> For clean Markdown of any page, append .md to the page URL.
> For a complete documentation index, see https://docs.nvidia.com/nemo/automodel/llms.txt.
> For AI client integration (Claude Code, Cursor, etc.), connect to the MCP server at https://docs.nvidia.com/nemo/automodel/_mcp/server.

# nemo_automodel.components.distributed.init_utils

## Module Contents

### Classes

| Name                                                                     | Description                                                   |
| ------------------------------------------------------------------------ | ------------------------------------------------------------- |
| [`DistInfo`](#nemo_automodel-components-distributed-init_utils-DistInfo) | Holds information about the distributed training environment. |

### Functions

| Name                                                                                                             | Description                                                                                |
| ---------------------------------------------------------------------------------------------------------------- | ------------------------------------------------------------------------------------------ |
| [`destroy_global_state`](#nemo_automodel-components-distributed-init_utils-destroy_global_state)                 | Destroy the torch.distributed process group during cleanup.                                |
| [`get_local_rank_preinit`](#nemo_automodel-components-distributed-init_utils-get_local_rank_preinit)             | Get the local rank from the environment variable, intended for use before full init.       |
| [`get_local_world_size_preinit`](#nemo_automodel-components-distributed-init_utils-get_local_world_size_preinit) | Get the local world size from the environment variable, intended for use before full init. |
| [`get_rank_safe`](#nemo_automodel-components-distributed-init_utils-get_rank_safe)                               | Get the distributed rank safely, even if torch.distributed is not initialized.             |
| [`get_world_size_safe`](#nemo_automodel-components-distributed-init_utils-get_world_size_safe)                   | Get the distributed world size safely, even if torch.distributed is not initialized.       |
| [`initialize_distributed`](#nemo_automodel-components-distributed-init_utils-initialize_distributed)             | Initialize the torch.distributed environment and core model parallel infrastructure.       |

### API

```python
class nemo_automodel.components.distributed.init_utils.DistInfo(
    backend: str,
    rank: int,
    world_size: int,
    device: torch.device,
    is_main: bool
)
```

Dataclass

Holds information about the distributed training environment.

```python
nemo_automodel.components.distributed.init_utils.destroy_global_state()
```

Destroy the torch.distributed process group during cleanup.

This function is registered to execute at exit to ensure the process group is properly destroyed.
It temporarily ignores SIGINT to avoid interruption during cleanup.

For MoE runs that use DeepEP, the process-global DeepEP `Buffer` (NVSHMEM symmetric memory
plus its own NCCL sub-groups) is destroyed *before* `destroy_process_group()`. Tearing the
buffer down first releases that pending collective state; otherwise `destroy_process_group()`
hangs on it.
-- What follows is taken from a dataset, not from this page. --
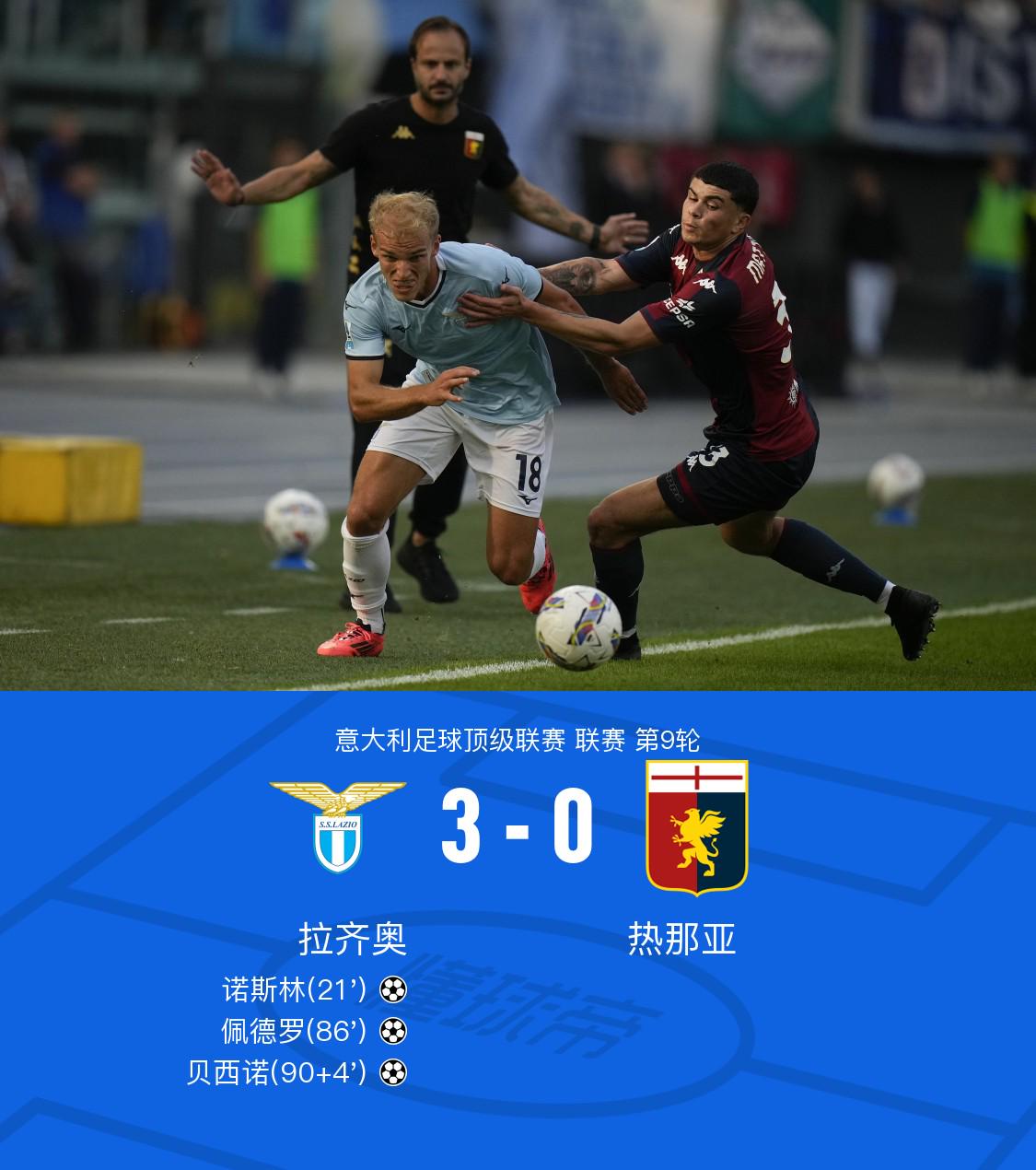 拉齐奥3-0热那亚，诺斯林、贝西诺、佩德罗破门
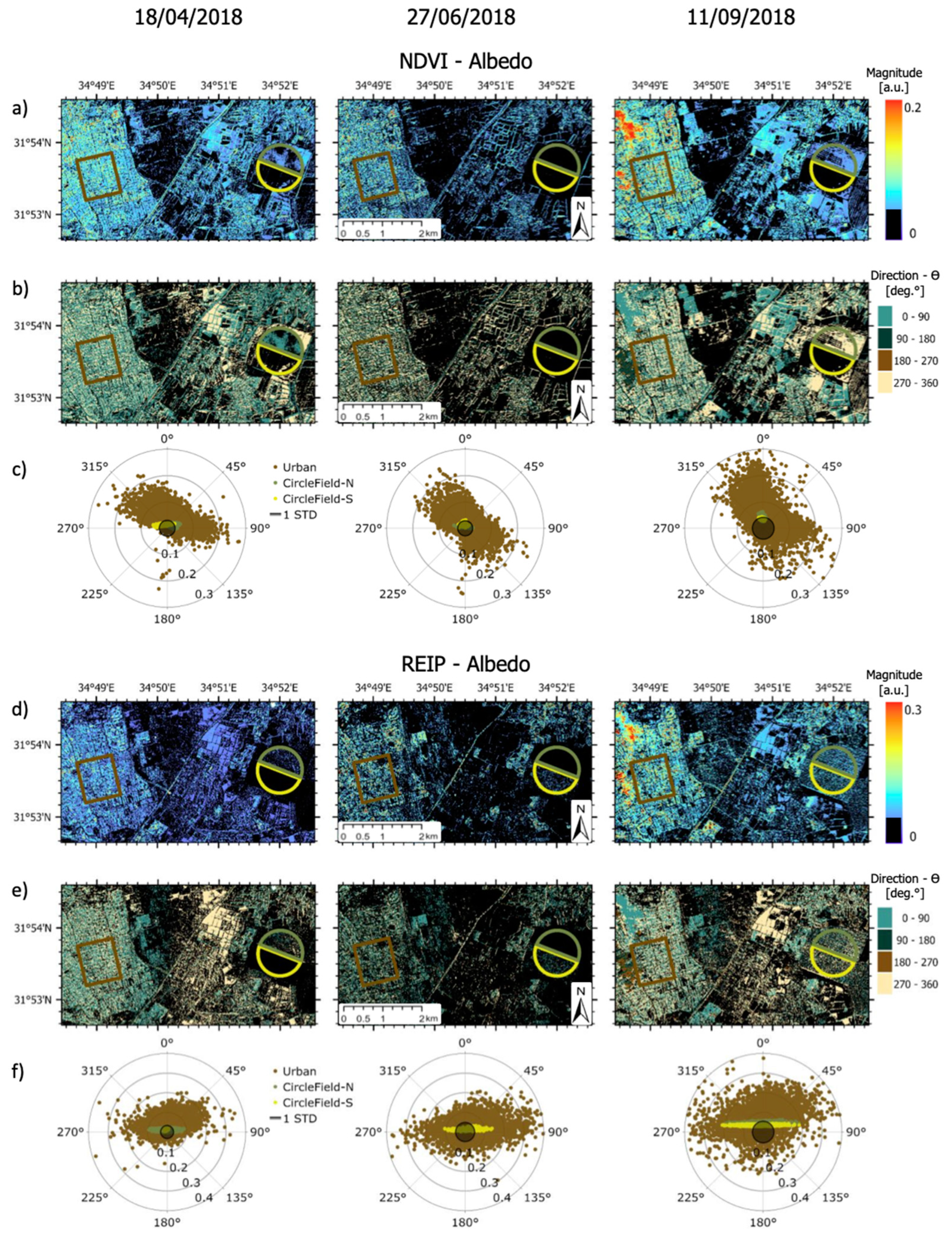 Remotesensing 14 00184 g004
Freeing the buffer is a no-op when DeepEP was never used.

```python
nemo_automodel.components.distributed.init_utils.get_local_rank_preinit() -> int
```

Get the local rank from the environment variable, intended for use before full init.

**Returns:** `int`

The local rank of the current process.

```python
nemo_automodel.components.distributed.init_utils.get_local_world_size_preinit() -> int
```

Get the local world size from the environment variable, intended for use before full init.

**Returns:** `int`

The local world size of the current process.

```python
nemo_automodel.components.distributed.init_utils.get_rank_safe() -> int
```

Get the distributed rank safely, even if torch.distributed is not initialized.

**Returns:** `int`

The current process rank.

```python
nemo_automodel.components.distributed.init_utils.get_world_size_safe() -> int
```

Get the distributed world size safely, even if torch.distributed is not initialized.

**Returns:** `int`

The total number of processes in the distributed job.

```python
nemo_automodel.components.distributed.init_utils.initialize_distributed(
    backend,
    timeout_minutes = 1
)
```

Initialize the torch.distributed environment and core model parallel infrastructure.
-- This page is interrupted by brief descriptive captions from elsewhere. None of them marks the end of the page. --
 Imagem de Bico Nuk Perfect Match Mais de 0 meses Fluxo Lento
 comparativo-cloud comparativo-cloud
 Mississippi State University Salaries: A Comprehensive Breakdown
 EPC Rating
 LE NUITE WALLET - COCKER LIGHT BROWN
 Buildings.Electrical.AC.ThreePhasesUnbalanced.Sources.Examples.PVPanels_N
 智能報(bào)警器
This function sets the device based on the local rank, configures the process group,
and calls torch.distributed.init\_process\_group with the appropriate parameters.
It also registers a cleanup function to properly destroy the process group at exit.

**Parameters:**

The backend to use for torch.distributed (e.g., 'nccl').

Timeout (in minutes) for distributed initialization. Defaults to 1.

**Returns:**

An instance containing the distributed environment configuration.